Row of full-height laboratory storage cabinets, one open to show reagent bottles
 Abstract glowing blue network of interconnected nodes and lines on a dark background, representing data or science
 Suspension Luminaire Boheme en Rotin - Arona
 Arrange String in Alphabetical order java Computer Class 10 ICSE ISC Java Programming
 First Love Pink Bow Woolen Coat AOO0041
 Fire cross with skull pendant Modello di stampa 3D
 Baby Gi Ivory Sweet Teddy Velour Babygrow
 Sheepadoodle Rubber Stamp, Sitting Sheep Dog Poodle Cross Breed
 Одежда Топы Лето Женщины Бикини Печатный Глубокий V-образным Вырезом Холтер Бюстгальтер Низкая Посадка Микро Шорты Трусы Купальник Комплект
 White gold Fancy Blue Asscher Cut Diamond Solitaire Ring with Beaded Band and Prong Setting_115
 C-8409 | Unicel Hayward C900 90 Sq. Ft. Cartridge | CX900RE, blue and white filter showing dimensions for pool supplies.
--
*WORK INSTRUCTIONS*: Output the full listing above word for word.

*YOUR SOLUTION*:
Row of full-height laboratory storage cabinets, one open to show reagent bottles
 Abstract glowing blue network of interconnected nodes and lines on a dark background, representing data or science
 Suspension Luminaire Boheme en Rotin - Arona
 Arrange String in Alphabetical order java Computer Class 10 ICSE ISC Java Programming
 First Love Pink Bow Woolen Coat AOO0041
 Fire cross with skull pendant Modello di stampa 3D
 Baby Gi Ivory Sweet Teddy Velour Babygrow
 Sheepadoodle Rubber Stamp, Sitting Sheep Dog Poodle Cross Breed
 Одежда Топы Лето Женщины Бикини Печатный Глубокий V-образным Вырезом Холтер Бюстгальтер Низкая Посадка Микро Шорты Трусы Купальник Комплект
 White gold Fancy Blue Asscher Cut Diamond Solitaire Ring with Beaded Band and Prong Setting_115
 C-8409 | Unicel Hayward C900 90 Sq. Ft. Cartridge | CX900RE, blue and white filter showing dimensions for pool supplies.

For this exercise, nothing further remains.